+++ ENTRIES PROVIDED +++

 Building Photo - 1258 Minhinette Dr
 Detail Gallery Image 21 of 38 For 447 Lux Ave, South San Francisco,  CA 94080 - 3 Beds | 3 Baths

+++
+++ ENTRIES PROVIDED +++

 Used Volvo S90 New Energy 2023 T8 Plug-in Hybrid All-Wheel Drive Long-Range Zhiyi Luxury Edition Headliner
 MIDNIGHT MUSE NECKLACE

+++

TASK INSTRUCTIONS >>
Look above for the line holding "Used Volvo S90" and the line holding "MIDNIGHT MUSE NECKLACE", then output exactly those two lines and every line between them, nothing more.

EXPECTED ANSWER >>
 Used Volvo S90 New Energy 2023 T8 Plug-in Hybrid All-Wheel Drive Long-Range Zhiyi Luxury Edition Headliner
 MIDNIGHT MUSE NECKLACE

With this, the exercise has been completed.